Indie Voice, also known as “Indie Girl Voice,” is not really one thing, but rather a series of interrelated phenomena that occur in different genres of music that have at one time or another been called “indie.” Since the aforementioned “bananhnies and avocadies” clip became popular, people have really started paying attention to it. Some good articles have been written on the subject by Kelly Hoppenjans, MTV, and most famously Buzzfeed. However, I wanted to go more in-depth into what the linguistic features that make up indie voice are, where they came from, and how artists as different as Joanna Newsom, Adele, and Selena Gomez can be accused of having “indie voice.”

Defining Indie Voice

Indie Voice can be broadly defined as a style of singing that is associated with several genres that have, at some point or another, been called "indie." Indie Voice is also known as "indie girl voice" because most of the people who use it are women. This is not surprising, as women tend to be on the vanguard of language innovation. The earliest reference online to "indie girl voice" that I could find was this thread from the Straight Dope, posted January 2, 2014.

Is there a name for this hyper-annoying singing style? I'd like to be able to more easily dismiss it.
It seems every indie/faux-indie singer-songwriter girl under the age of 30 is singing with a remarkably annoying, breathy voice with an unnecessary twang in it that is at times punctuated with scratchiness. They sing softly and every vowel sounds like "ow," as though the singer is suffering as much as I am every time I hear it. - MeanOldLady
Meiko wearing a ruffled blouse and playing a guitar

The poster gives some examples, almost all of them leading to folk pop songs. Other posters start replying, giving their agreement on how “annoying” the singing style is, and listing songs that they found to have this same style. Almost all of the songs linked to in this thread for the first year are folk songs. Many of these songs were released around 2013, and many of the posters report hearing these types of songs in commercials. This suggests that this Indie Voice was at peak saturation by 2013, but was likely swirling around for years before appearing in cat commercials aimed at baby boomers. We are going to call this variety of Indie Voice "Folk Indie Voice."

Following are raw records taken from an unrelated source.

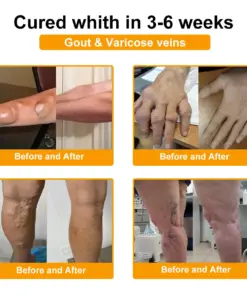 ADNOON™ Botulinum Toxin & Bee Venom Pain-Relief Bone Healing Cream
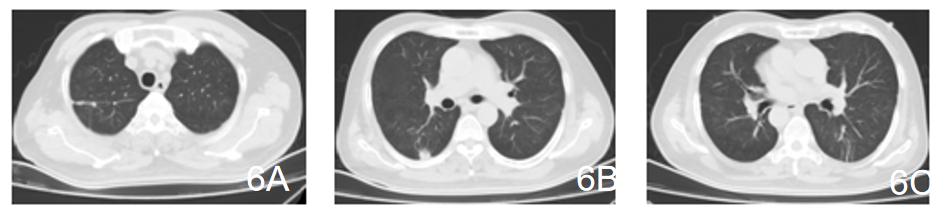 新冠症状容易与常见疾病症状混淆,症状和新冠一样怎么办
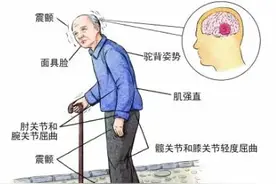 腰痛老治不好，“元凶”可能是帕金森病图片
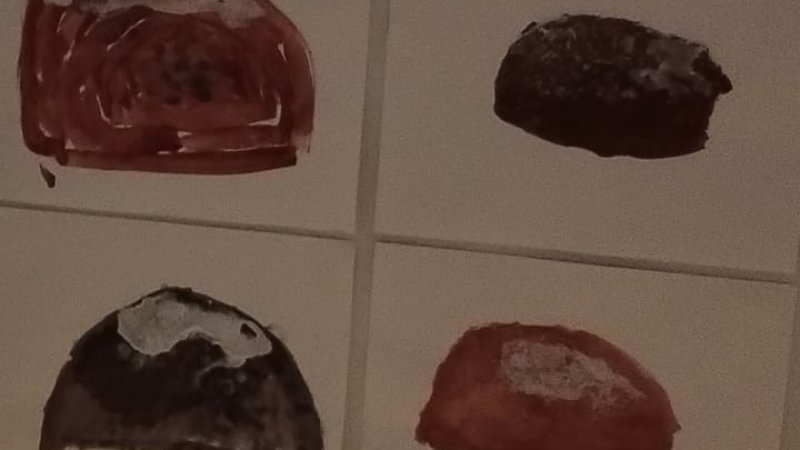 Stajun od lumblije u vrtiću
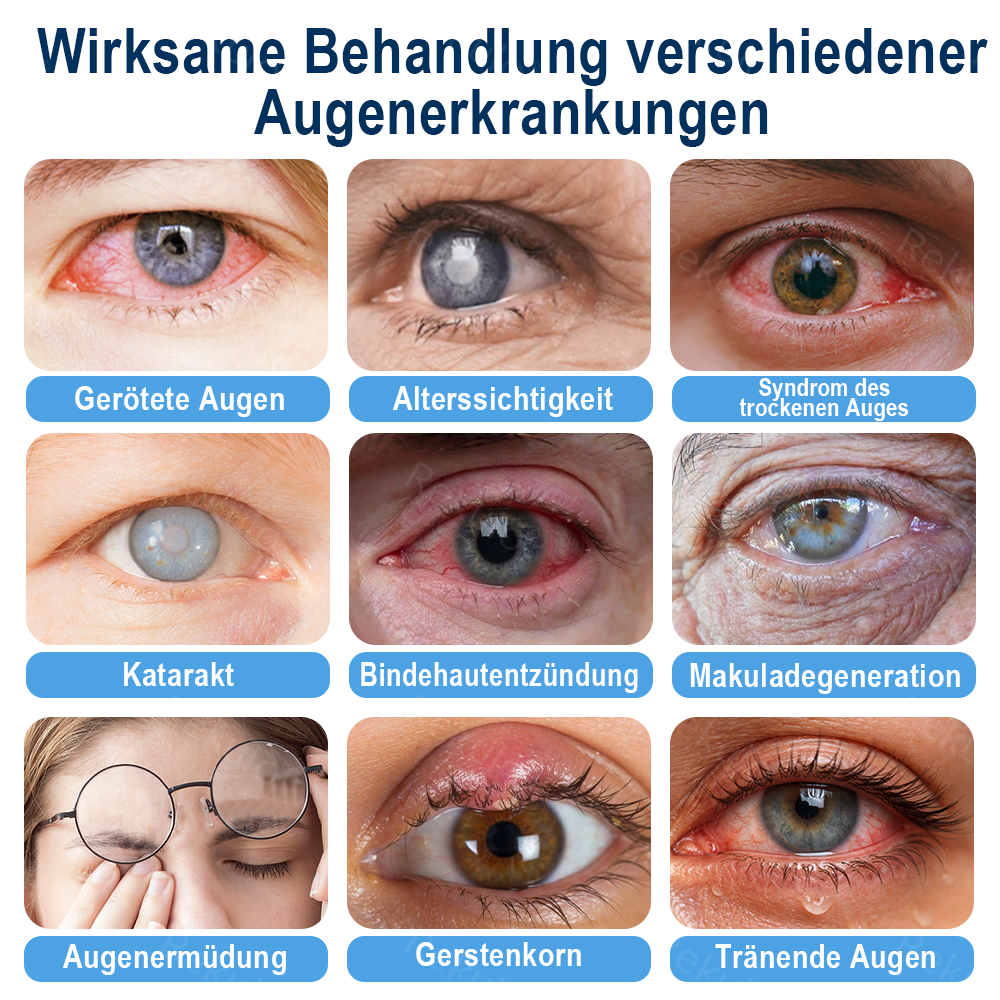 Rekulo® OptiMist Augenspray ✅ Für trockene Augen, verschwommene Sicht, Augenbelastung und Alterssichtigkeit up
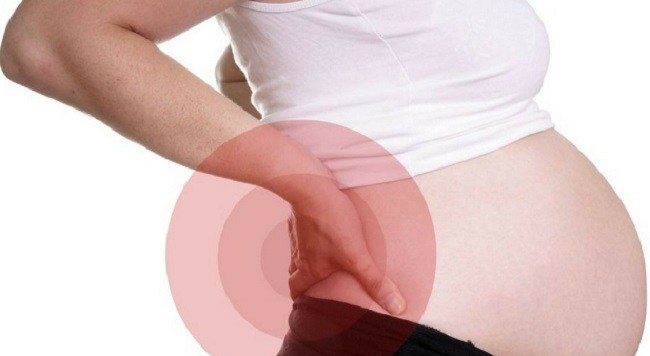 Đau lưng bên phải gần eo khi mang thai
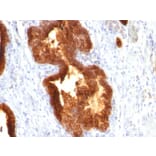 Immunohistochemistry - Anti-Cytokeratin 18 Antibody [KRT18/835] (A249200) - Antibodies.com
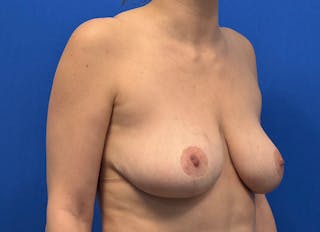 Breast Reduction Before & After Gallery - Patient 161587 - Image 8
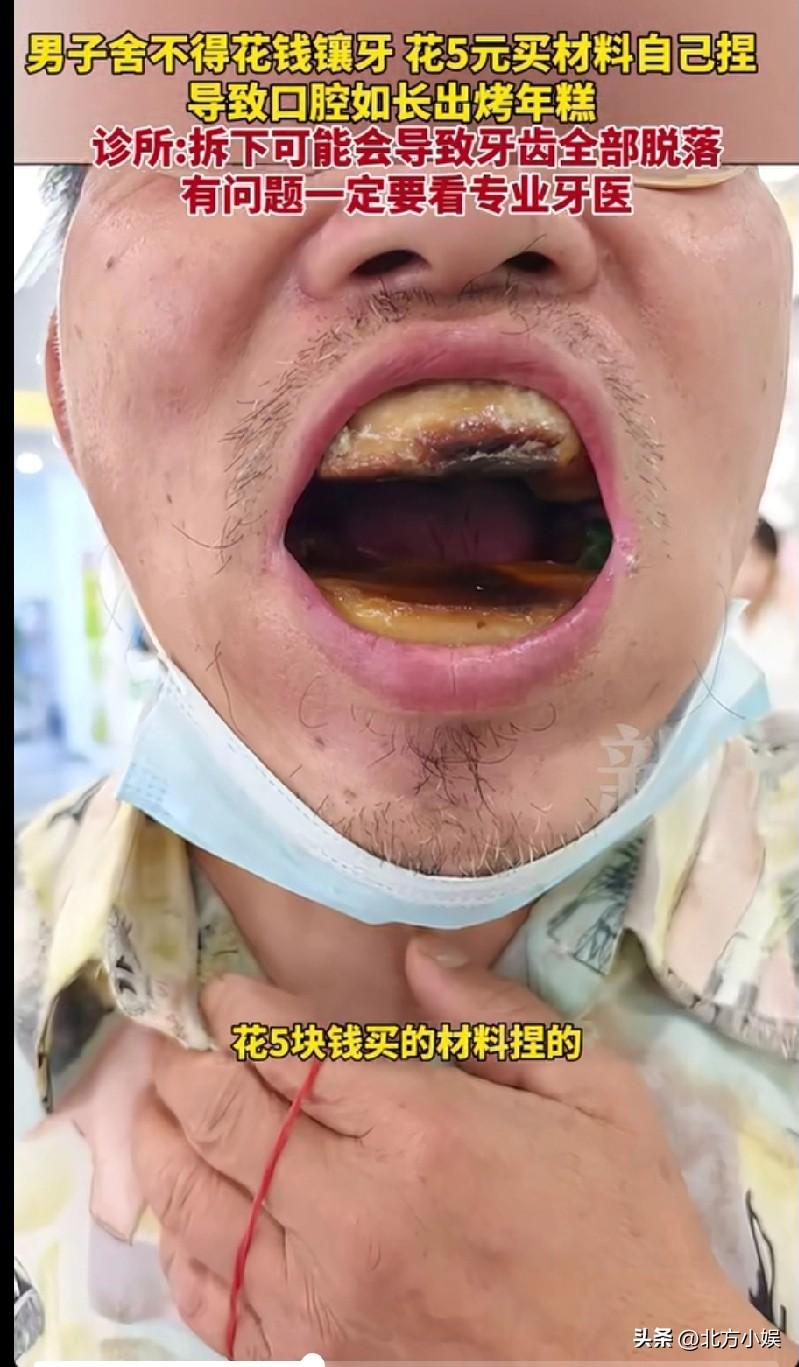 一位男子因舍不得花钱去镶牙，就自行在网上购买了5元材料，自行去镶牙，然而并没有成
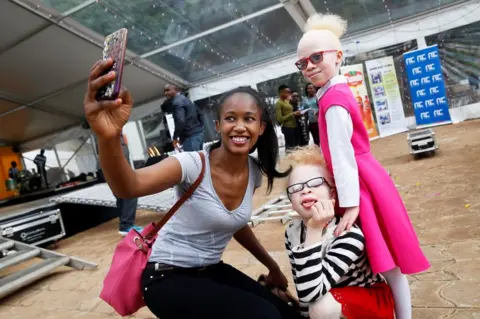 Reuters Participants are seen backstage at Mr and Miss Albinism beauty pageant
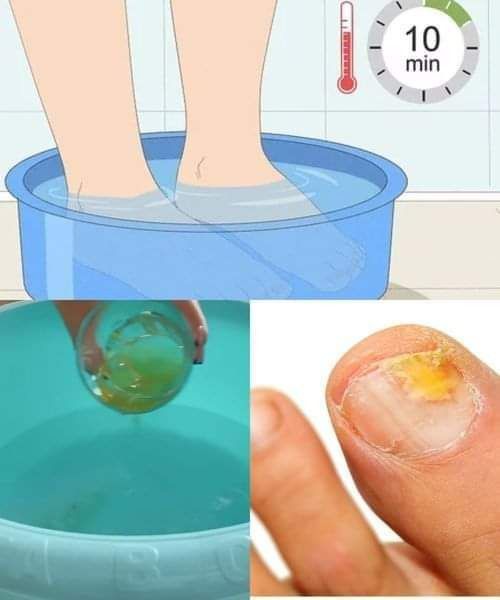 474949657 122182949048254616 2494968280066011324 n 1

This type of indie girl voice doesn't seem to be quite what the "banahnies and avocadies" vine is making fun of. That vine came out in 2015, the same year that Buzzfeed wrote its own article explaining indie voice. Almost all the examples in the Buzzfeed article came out in 2015, but none of them sound like the soft, waifish folk songs that you hear about in the Straight Dope thread. They are instead more pop-oriented songs, with a stronger electronic influence. We are going to call this one "Pop Indie Voice."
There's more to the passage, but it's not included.